- ámbito
- Edición Impresa
Francia lanzó una cacería para dar con el asesino de Toulouse
Un grupo de jóvenes estalla en llanto tras despedir los restos de las víctimas del colegio Ozar Hatorah, que serán enterrados en Israel. Investigadores presumen que el asesino filmó la matanza con una cámara colgada a su cuello.
Tras los asesinatos cometidos por un hombre armado que disparó indiscriminadamente en el colegio, las autoridades extendieron la zona en alerta antiterrorista al más alto nivel, y gran número de agentes trabajan sobre el terreno, 200 de ellos directamente en la identificación del autor de los crímenes.
El fiscal jefe de París, François Molins, responsable de la investigación desde que se clasificó el crimen como terrorista, señaló que temen un nuevo golpe del asesino, que hasta ahora ha venido atacando cada cuatro días.
«Estamos ante un individuo extremadamente determinado, con mucha sangre fría y con objetivos extremadamente definidos», afirmó el fiscal, quien indicó que ninguna pista fue abandonada en la investigación.
Los detectives atribuyen al autor del tiroteo contra la escuela judía, en la que perdieron la vida tres niños y un adulto, el asesinato de dos soldados paracaidistas en la cercana localidad de Montauban, el pasado día 15, y el de un tercer militar cuatro días antes en Toulouse, todos ellos de origen magrebí. El origen de las siete víctimas abre una pista sobre una posible motivación racista del asesino.
Pero los investigadores trabajan también con la hipótesis neonazi, tras comprobarse que los dos soldados asesinados en Montauban pertenecían al mismo regimiento que tres militares expulsados del Ejército en 2008 por haberse fotografiado con una esvástica.
Otra teoría es que se trate de un desequilibrado, por lo que entre el equipo de investigadores incluyeron a especialistas en este tipo de casos. Una hipótesis que estaría reforzada por el hecho de que el asesino pudo grabar sus acciones con una cámara atada a su pecho, según un testigo de la matanza de la escuela judía de Toulouse.
Ese elemento «tiende a confirmar el perfil psicológico del asesino», aseguró el ministro del Interior, Claude Guéant, mientras que el fiscal, más prudente, se limitó a decir que no está comprobado que llevara una cámara, aunque no lo descartó.
Mientras la búsqueda se intensifica en el terreno, los agentes también trabajan en pistas de internet. Según dejaron entrever, el asesino pudo darse cita con la primera víctima a través de un anuncio colgado por ésta para vender una moto, señaló el fiscal.

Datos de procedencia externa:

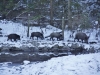 Advent im Wildpark Grünau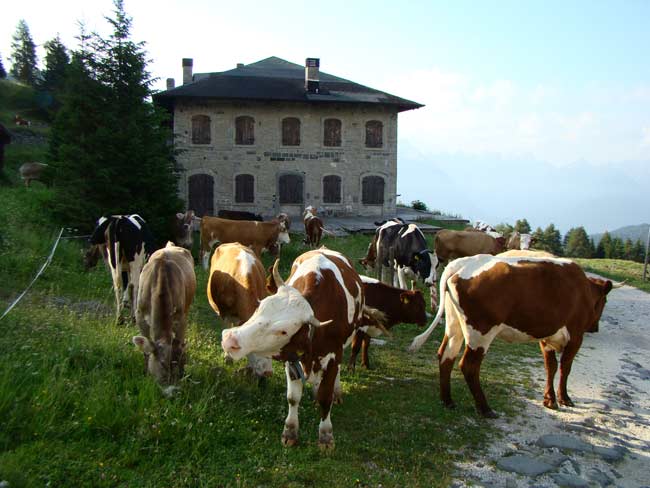 zoccolone di montagna presso la Caserma di Soracrepa 001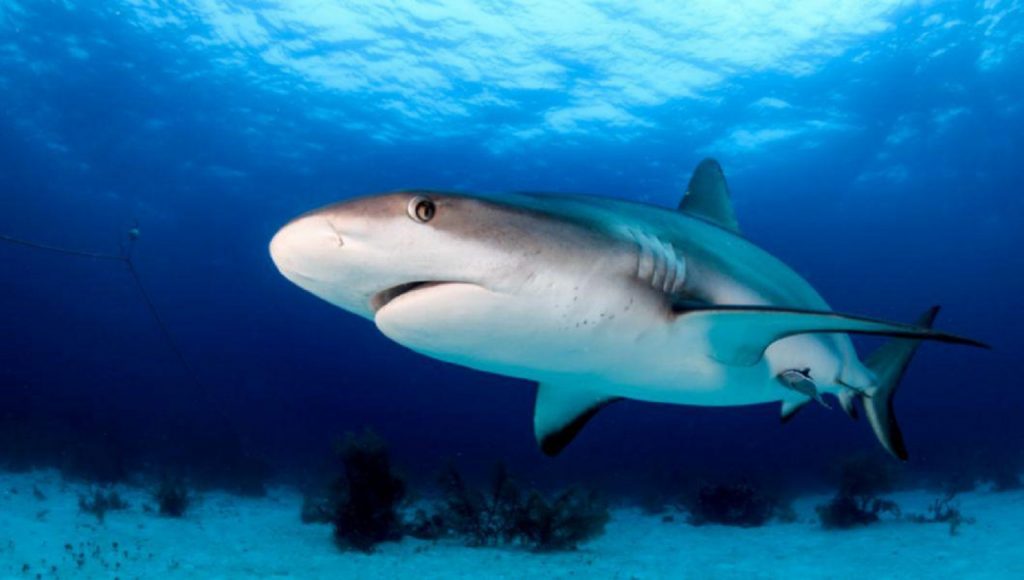 Noi detalii cutremurătoare despre tragedia din Egipt. Cum au încercat autoritățile locale să ascundă atacurile rechinilor. „Nu ne-au mai dat voie”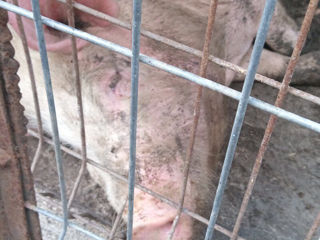 Vind porc urgent 110 kg,crescut in conditii de casa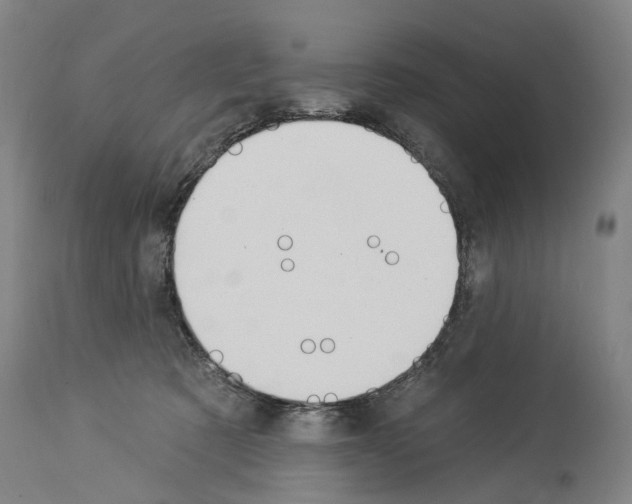 X0000114030321200911131254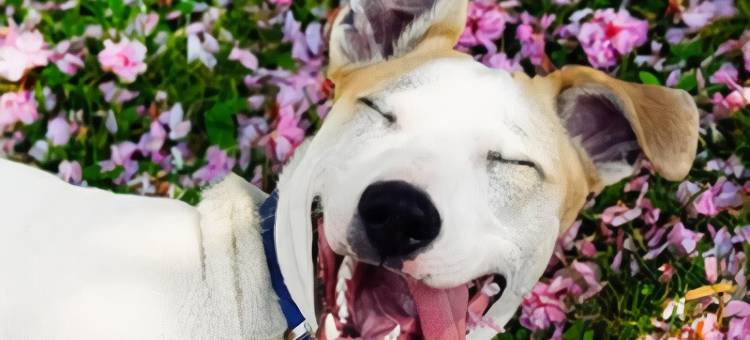 瑞享突尼斯湖酒店(Mövenpick Hotel du Lac Tunis)图片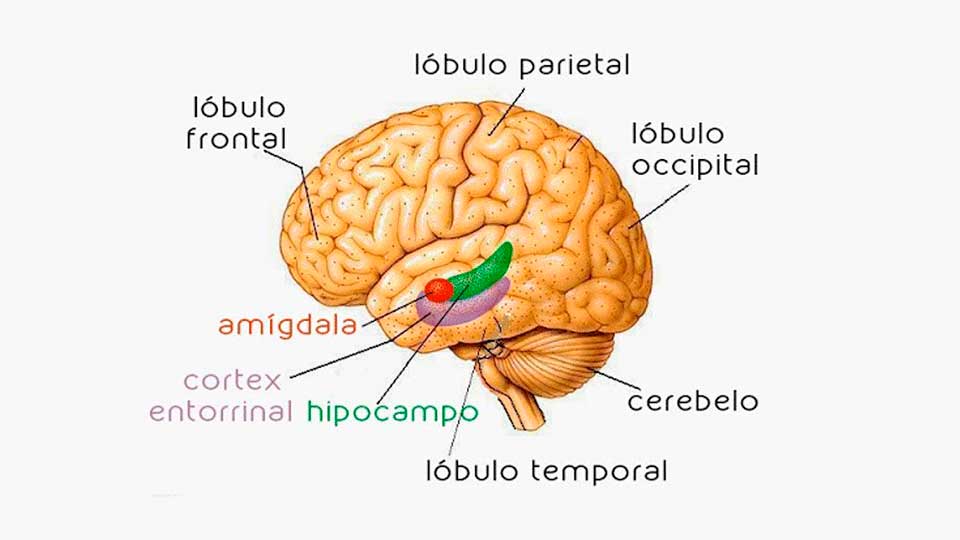El hipocampo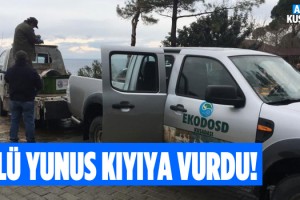 Kuşadası’nda Yunus Ölü Olarak Kıyıya Vurdu!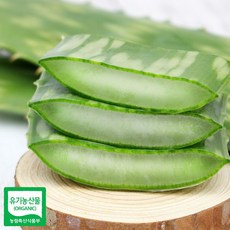 알로에 사포나리아 생잎 1키로, 1개, 치즈스토어 본상품선택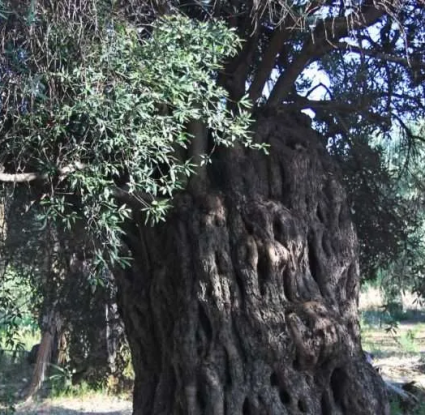 Αιωνόβια ελιά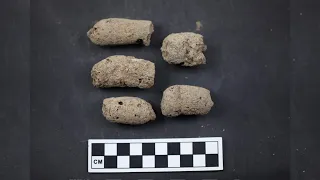 New method can determine if ancient poo is from humans or dogs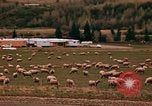 Immagine di Ovini e corsie di marcia Frisco Colorado United States USA, 1971, secondo 43 filmato di repertorio 65675033332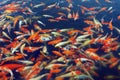 Red and gold fishes Royalty Free Stock Photo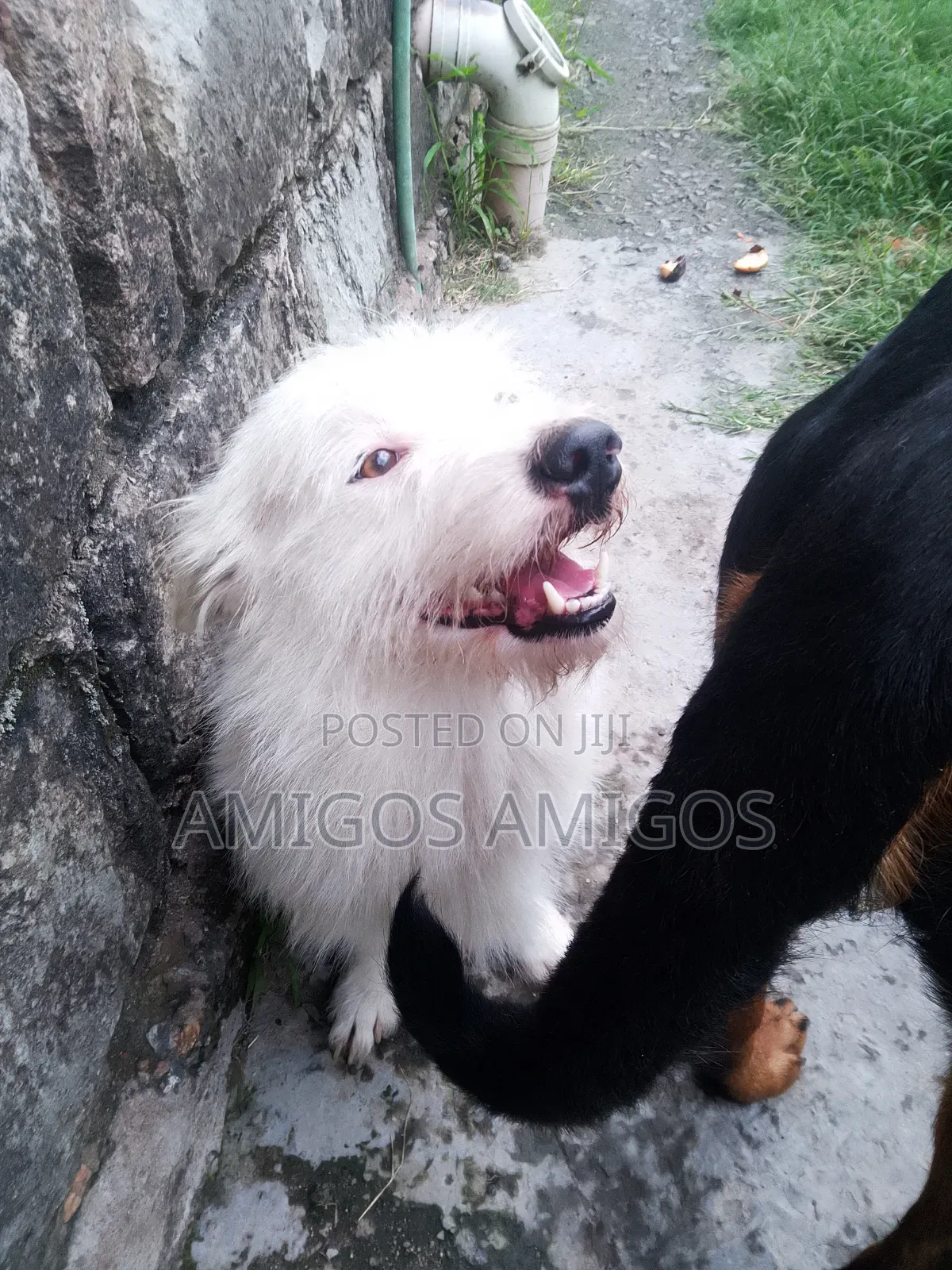 1+ year Male Purebred West Highland White Terrier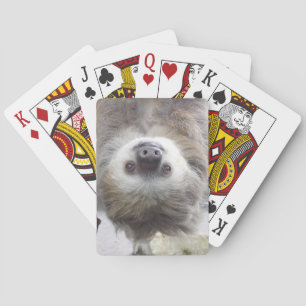 Sloth som leker kort spelkort
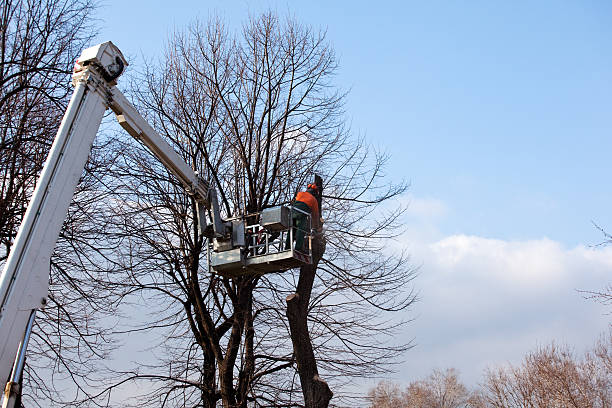 Best Storm Damage Tree Cleanup  in Arvin, CA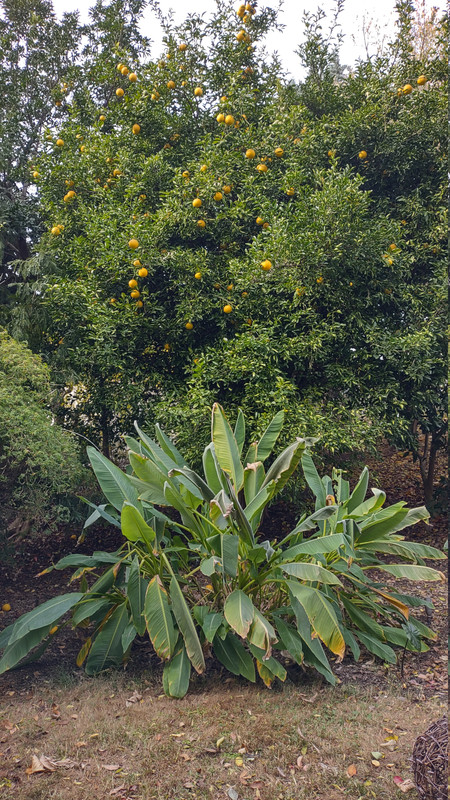 IMG 20251113 143909598 HDR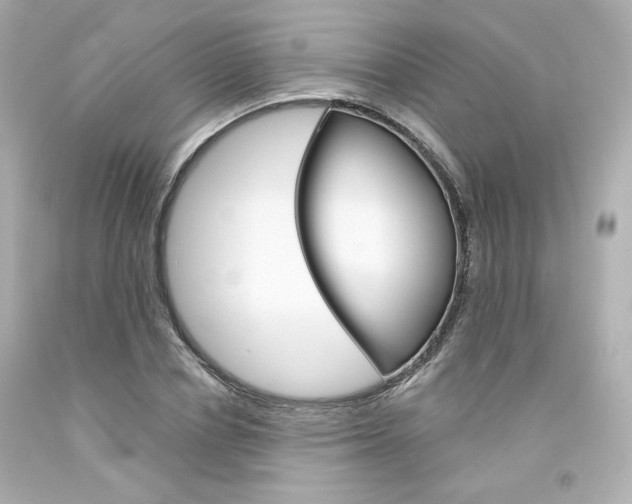 X0000094350834200711021311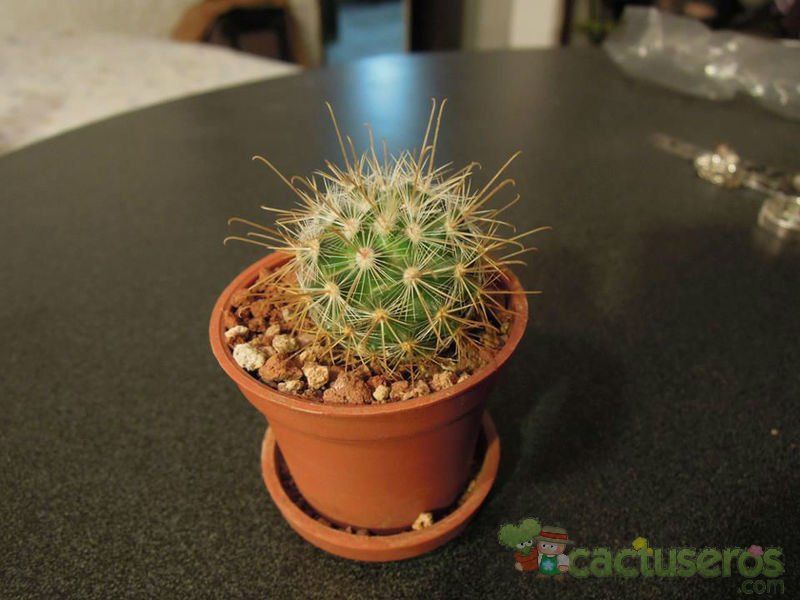 Una foto de Mammillaria moelleriana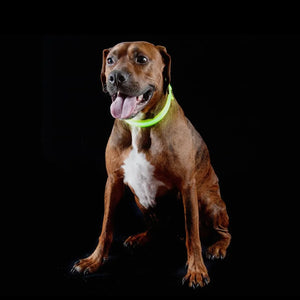 Led Safety Light-Up Dog Collar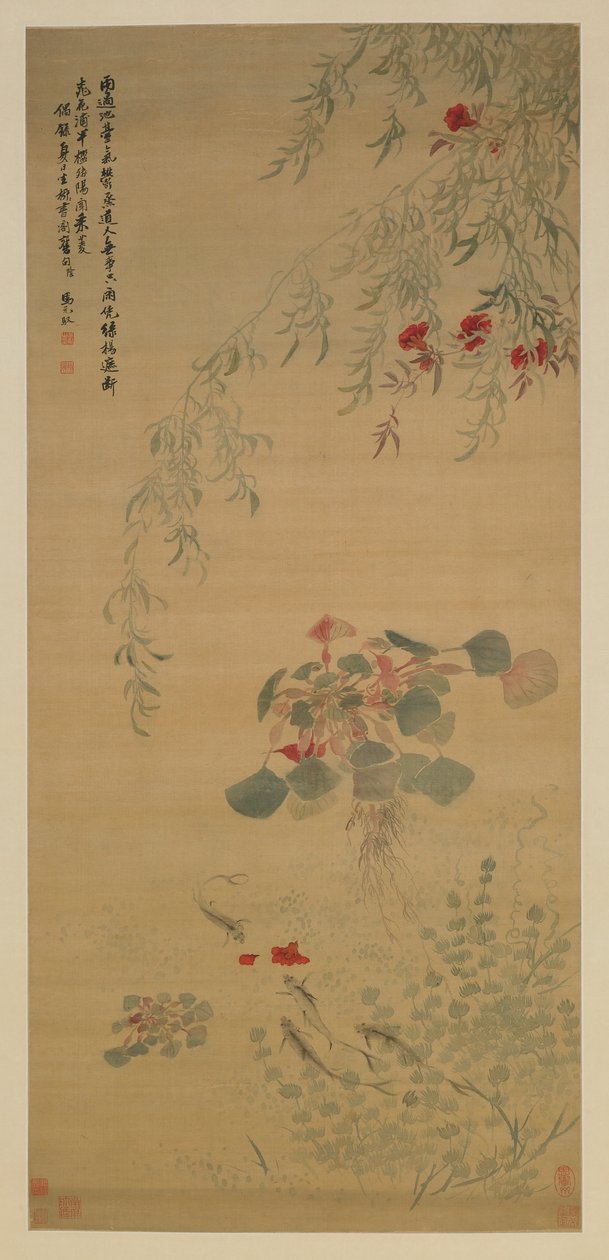 Gefallene Blumen, neugierige Fische, Qing-Dynastie, frühes 18. Jahrhundert von Ma Yuanyu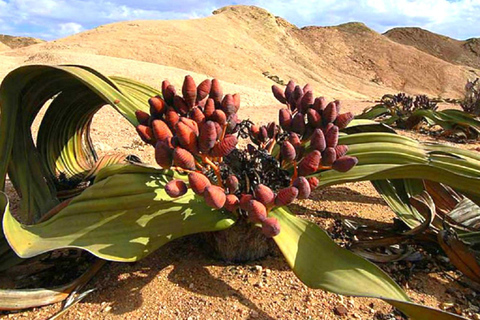 Namib Desert: Pink Salt Lakes, Seal Colony & Moon Valley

Los investigadores establecieron que en los tres hechos se repiten algunos elementos, entre ellos el uso de una misma arma -aunque en la escuela de Toulouse se empleó también una segunda de mayor calibre- y el uso de un igual modelo de moto de gran cilindrada y marca Yamaha -que los testigos identifican como negra en los dos primeros casos y blanca en el tercero-.
Además, las ocho víctimas murieron de disparos a quemarropa en la cabeza y el asesino no se desprendió en ningún momento del casco.
En paralelo, Francia intenta recuperar la calma tras la masacre de la escuela Ozar Hatorah de Toulouse y el país, que estaba enfrascado en plena campaña por las elecciones presidenciales de abril-mayo próximos, ve con temor y recelo esta tragedia.
El colegio reabrirá hoy las puertas para que los niños recuperen la rutina, pero los principales candidatos a la presidencia de Francia mantendrán suspendida la campaña electoral.
Los dos favoritos, el actual presidente francés, Nicolas Sarkozy, y el socialista François Hollande, protagonizaron ayer actos institucionales de solidaridad con la comunidad judía.
Los colegios del país guardaron un minuto de silencio y Sarkozy acudió al aeropuerto parisiense de Roissy-Charles de Gaulle para despedir los cuerpos de los cuatro fallecidos ayer, que fueron trasladados a Israel, donde recibirán sepultura.